Your task - When the line containing "Cover Buku CREATIVE FACEBOOK FOR BUSINESS" appears in the entries below, begin printing there and stop after the line containing "Kit Papai Noel"; print each of those lines exactly and no other line.

Data excerpts -
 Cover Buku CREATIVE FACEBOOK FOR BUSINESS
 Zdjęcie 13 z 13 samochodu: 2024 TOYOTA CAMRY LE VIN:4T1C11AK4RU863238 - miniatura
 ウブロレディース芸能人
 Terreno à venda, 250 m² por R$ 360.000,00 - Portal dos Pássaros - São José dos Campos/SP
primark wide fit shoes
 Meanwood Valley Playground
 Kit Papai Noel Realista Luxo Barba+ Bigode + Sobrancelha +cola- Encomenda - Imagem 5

--

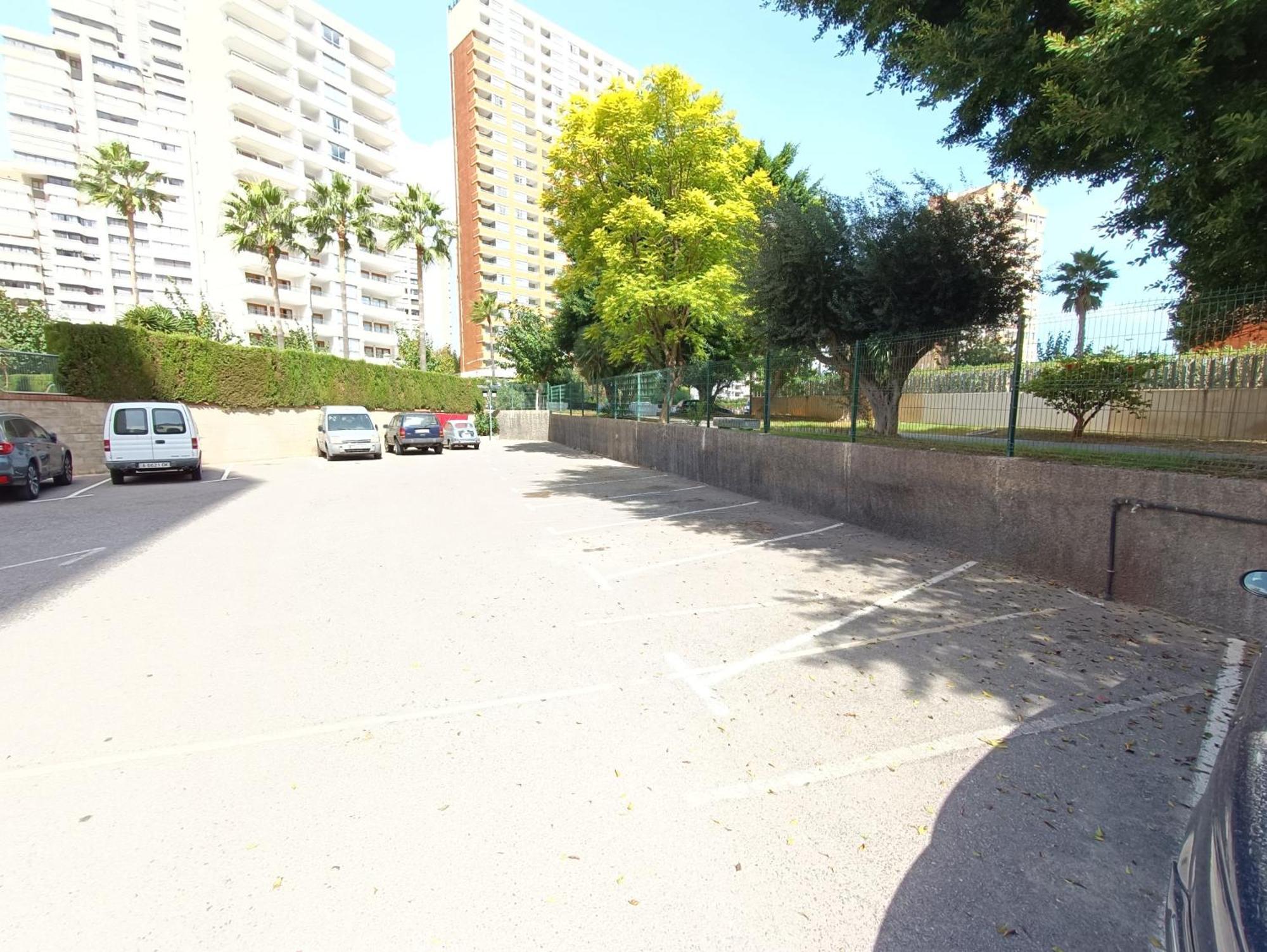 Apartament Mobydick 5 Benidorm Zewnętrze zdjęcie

Task result -
 Cover Buku CREATIVE FACEBOOK FOR BUSINESS
 Zdjęcie 13 z 13 samochodu: 2024 TOYOTA CAMRY LE VIN:4T1C11AK4RU863238 - miniatura
 ウブロレディース芸能人
 Terreno à venda, 250 m² por R$ 360.000,00 - Portal dos Pássaros - São José dos Campos/SP
primark wide fit shoes
 Meanwood Valley Playground
 Kit Papai Noel Realista Luxo Barba+ Bigode + Sobrancelha +cola- Encomenda - Imagem 5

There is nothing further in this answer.